[RECORDS FOR THE TASK]
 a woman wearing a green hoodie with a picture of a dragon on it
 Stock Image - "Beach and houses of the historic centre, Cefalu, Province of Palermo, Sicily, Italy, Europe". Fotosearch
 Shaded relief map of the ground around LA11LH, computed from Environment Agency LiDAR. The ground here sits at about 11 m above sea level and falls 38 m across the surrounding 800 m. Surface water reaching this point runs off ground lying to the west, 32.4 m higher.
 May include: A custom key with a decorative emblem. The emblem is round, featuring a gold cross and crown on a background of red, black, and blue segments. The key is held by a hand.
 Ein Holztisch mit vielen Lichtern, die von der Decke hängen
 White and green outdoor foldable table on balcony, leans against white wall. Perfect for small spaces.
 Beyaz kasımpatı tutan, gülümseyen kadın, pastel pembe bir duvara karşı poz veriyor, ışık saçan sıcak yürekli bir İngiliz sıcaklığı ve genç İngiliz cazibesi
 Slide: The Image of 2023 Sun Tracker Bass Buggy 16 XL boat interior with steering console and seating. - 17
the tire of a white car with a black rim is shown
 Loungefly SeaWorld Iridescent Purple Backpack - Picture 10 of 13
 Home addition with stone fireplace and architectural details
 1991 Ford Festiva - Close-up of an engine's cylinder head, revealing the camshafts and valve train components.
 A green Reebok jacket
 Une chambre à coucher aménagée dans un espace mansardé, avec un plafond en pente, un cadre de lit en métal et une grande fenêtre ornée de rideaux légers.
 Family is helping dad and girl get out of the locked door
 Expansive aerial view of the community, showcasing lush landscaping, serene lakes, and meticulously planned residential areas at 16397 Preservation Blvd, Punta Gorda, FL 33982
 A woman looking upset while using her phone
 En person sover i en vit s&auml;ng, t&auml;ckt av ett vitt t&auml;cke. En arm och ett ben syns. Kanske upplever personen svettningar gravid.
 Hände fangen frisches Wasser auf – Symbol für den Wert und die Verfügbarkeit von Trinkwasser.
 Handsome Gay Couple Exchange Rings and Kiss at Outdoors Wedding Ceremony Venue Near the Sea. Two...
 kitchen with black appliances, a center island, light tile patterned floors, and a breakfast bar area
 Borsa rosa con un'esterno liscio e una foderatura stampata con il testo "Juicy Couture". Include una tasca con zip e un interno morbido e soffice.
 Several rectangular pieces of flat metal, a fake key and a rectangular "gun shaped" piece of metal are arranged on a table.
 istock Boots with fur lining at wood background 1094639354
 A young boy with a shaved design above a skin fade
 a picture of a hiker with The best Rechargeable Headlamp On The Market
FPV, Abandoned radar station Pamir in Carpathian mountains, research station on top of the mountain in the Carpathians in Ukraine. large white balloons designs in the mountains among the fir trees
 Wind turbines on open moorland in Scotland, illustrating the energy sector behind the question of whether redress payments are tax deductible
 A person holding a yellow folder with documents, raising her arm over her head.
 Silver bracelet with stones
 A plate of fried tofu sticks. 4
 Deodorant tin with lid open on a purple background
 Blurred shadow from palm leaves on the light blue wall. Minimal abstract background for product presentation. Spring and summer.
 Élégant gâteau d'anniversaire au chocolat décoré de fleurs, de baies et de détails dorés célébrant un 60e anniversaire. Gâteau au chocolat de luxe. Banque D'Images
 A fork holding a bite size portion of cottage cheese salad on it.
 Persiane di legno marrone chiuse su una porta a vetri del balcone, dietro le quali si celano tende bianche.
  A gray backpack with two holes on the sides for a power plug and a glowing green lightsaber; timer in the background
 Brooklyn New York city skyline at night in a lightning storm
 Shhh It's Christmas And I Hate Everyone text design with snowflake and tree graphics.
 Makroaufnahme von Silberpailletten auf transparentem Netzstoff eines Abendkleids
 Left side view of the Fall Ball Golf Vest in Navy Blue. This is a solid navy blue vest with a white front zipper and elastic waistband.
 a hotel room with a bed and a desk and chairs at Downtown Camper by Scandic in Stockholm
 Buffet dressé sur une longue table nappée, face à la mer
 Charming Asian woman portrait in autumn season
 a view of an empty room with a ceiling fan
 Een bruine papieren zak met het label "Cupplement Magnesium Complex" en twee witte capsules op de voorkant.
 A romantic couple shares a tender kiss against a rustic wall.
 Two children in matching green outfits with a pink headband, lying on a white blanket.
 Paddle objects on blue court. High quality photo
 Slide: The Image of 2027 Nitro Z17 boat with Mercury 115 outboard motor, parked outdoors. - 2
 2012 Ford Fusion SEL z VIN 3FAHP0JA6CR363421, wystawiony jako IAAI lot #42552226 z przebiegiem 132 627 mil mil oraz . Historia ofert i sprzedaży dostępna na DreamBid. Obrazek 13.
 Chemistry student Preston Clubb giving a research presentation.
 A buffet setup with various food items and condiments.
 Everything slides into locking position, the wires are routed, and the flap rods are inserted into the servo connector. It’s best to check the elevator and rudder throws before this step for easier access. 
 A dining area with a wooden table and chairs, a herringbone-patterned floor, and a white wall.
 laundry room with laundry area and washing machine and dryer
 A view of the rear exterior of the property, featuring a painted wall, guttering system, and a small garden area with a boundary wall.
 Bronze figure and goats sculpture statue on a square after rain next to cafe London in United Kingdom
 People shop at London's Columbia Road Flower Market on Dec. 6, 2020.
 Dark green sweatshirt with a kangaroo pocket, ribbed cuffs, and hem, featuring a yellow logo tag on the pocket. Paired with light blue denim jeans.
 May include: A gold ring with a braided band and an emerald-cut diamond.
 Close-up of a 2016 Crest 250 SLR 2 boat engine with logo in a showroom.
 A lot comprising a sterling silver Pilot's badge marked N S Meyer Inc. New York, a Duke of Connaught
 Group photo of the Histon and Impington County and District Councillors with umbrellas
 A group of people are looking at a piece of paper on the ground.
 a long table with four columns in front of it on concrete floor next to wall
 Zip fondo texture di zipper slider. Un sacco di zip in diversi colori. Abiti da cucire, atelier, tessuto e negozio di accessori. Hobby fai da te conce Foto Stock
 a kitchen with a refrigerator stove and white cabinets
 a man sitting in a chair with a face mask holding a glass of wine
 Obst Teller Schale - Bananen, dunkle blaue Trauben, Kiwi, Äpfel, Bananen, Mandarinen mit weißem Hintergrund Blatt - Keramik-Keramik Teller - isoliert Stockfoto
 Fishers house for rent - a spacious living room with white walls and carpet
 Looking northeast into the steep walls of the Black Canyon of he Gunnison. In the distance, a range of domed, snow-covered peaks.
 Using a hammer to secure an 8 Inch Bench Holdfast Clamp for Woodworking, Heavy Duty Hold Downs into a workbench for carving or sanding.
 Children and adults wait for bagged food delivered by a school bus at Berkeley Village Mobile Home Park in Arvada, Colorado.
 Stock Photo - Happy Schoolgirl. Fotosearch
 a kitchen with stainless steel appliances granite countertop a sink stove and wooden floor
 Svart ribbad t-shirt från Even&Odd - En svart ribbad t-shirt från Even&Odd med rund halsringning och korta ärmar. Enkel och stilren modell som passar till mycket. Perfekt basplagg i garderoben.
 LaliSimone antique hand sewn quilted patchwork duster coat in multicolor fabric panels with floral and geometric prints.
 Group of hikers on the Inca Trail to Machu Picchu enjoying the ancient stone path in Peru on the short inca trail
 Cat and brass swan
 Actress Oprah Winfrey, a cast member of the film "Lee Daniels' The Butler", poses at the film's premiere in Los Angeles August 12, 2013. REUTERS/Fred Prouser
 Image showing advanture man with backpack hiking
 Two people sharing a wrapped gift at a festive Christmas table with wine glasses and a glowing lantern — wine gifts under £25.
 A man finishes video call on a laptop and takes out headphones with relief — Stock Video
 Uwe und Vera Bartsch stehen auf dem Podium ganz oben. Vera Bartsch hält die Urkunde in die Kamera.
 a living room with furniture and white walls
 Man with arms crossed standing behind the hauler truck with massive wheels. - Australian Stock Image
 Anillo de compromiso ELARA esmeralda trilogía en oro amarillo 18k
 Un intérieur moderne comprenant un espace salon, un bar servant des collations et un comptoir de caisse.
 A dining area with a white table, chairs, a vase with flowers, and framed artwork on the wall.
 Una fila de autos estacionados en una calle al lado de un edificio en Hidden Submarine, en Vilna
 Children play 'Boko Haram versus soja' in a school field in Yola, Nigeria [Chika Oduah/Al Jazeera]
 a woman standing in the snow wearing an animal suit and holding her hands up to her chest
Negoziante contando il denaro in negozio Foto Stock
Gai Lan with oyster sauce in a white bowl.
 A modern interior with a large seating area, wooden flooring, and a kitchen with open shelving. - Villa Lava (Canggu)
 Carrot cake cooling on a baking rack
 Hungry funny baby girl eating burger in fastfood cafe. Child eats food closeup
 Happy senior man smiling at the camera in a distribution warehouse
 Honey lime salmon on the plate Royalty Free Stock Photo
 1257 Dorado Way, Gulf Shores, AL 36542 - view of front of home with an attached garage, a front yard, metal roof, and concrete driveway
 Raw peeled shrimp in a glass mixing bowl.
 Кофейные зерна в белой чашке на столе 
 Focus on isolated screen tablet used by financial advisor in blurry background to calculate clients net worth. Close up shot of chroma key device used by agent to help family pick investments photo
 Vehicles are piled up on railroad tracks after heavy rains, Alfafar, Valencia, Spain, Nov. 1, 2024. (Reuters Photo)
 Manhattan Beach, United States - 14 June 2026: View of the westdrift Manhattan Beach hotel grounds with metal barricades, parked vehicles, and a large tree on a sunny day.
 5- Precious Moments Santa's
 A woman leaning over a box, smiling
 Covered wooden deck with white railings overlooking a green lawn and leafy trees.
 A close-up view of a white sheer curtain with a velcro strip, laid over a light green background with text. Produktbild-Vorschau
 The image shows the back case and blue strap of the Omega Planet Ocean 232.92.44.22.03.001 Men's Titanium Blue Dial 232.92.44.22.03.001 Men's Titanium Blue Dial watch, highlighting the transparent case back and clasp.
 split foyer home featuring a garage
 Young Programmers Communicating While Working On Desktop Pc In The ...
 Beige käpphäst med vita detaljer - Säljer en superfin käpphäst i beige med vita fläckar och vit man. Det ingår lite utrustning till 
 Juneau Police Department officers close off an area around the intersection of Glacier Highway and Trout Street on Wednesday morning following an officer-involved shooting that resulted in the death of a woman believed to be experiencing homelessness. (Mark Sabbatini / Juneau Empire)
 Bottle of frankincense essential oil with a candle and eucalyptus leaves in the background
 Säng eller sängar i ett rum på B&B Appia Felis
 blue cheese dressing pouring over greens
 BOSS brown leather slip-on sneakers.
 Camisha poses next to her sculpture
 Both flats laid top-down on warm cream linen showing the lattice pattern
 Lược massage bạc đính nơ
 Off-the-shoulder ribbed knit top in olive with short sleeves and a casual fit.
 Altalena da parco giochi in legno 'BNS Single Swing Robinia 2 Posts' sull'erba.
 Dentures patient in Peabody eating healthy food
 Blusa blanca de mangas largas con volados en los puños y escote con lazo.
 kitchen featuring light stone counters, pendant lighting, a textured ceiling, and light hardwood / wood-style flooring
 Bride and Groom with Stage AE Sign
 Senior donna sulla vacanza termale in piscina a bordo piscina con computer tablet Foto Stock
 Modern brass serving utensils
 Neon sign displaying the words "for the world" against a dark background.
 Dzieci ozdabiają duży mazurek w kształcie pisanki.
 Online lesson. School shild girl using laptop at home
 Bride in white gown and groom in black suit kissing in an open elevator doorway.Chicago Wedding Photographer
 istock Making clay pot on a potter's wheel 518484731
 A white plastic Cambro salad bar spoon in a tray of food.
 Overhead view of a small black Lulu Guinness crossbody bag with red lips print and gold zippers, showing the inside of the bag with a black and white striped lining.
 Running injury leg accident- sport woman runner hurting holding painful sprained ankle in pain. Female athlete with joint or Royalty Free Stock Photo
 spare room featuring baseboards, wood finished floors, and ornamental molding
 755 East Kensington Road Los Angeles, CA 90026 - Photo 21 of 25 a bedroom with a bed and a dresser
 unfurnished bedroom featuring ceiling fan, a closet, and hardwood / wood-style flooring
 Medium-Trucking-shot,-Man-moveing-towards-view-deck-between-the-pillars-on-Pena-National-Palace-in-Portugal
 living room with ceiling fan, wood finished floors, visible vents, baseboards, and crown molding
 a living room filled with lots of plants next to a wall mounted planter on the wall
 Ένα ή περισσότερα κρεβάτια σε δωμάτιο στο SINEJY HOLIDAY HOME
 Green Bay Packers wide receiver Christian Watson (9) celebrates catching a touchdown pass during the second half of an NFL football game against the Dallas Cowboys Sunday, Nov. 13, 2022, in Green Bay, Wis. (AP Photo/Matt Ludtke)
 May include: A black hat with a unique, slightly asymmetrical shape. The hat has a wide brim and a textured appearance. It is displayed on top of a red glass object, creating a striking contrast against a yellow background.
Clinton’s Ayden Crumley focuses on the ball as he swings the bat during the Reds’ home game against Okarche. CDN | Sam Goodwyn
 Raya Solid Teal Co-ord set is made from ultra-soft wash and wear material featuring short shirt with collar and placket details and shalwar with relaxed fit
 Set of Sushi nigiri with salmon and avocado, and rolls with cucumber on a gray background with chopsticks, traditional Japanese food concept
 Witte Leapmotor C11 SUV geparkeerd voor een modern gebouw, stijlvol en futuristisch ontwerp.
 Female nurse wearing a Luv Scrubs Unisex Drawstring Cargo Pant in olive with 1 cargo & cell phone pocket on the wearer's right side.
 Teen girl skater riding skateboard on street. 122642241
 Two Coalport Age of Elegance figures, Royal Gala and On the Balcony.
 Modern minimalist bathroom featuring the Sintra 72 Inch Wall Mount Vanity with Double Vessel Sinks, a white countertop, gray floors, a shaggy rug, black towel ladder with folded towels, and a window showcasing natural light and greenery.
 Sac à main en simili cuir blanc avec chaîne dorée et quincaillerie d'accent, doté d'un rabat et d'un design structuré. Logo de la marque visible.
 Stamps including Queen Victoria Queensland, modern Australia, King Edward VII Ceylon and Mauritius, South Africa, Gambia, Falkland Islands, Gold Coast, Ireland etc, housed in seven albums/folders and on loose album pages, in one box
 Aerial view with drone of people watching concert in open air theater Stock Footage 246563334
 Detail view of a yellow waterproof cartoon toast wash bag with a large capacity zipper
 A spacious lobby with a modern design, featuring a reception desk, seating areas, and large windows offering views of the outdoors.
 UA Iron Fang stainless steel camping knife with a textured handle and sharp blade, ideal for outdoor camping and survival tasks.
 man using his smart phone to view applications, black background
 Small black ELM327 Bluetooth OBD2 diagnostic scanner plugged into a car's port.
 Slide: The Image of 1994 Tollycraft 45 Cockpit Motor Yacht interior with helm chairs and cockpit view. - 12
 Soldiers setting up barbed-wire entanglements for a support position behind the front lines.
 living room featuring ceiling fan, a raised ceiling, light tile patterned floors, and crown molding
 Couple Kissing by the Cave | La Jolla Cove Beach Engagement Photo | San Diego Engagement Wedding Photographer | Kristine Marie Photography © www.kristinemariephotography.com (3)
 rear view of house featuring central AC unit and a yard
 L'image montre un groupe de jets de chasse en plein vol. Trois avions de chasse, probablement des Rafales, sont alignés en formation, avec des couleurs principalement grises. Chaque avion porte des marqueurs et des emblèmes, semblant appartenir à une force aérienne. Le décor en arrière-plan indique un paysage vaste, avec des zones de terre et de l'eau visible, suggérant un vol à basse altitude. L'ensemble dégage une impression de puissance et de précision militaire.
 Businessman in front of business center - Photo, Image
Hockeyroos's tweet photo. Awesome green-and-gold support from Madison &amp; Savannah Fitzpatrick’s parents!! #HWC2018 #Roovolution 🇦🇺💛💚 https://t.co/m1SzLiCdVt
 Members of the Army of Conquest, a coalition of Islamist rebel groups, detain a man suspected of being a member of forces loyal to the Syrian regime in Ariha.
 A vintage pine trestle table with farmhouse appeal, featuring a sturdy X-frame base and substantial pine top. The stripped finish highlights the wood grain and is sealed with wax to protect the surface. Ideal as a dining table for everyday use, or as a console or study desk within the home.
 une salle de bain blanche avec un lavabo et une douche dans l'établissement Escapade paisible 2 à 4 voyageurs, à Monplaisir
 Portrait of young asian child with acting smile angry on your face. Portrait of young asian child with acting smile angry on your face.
[/RECORDS FOR THE TASK]
**ASSIGNMENT:**
Please return only the lines above, starting at the line that has "Anillo de compromiso" and ending at the line that has "Una fila de", keeping both and leaving each one unchanged.

**ANSWER SPACE:**
 Anillo de compromiso ELARA esmeralda trilogía en oro amarillo 18k
 Un intérieur moderne comprenant un espace salon, un bar servant des collations et un comptoir de caisse.
 A dining area with a white table, chairs, a vase with flowers, and framed artwork on the wall.
 Una fila de autos estacionados en una calle al lado de un edificio en Hidden Submarine, en Vilna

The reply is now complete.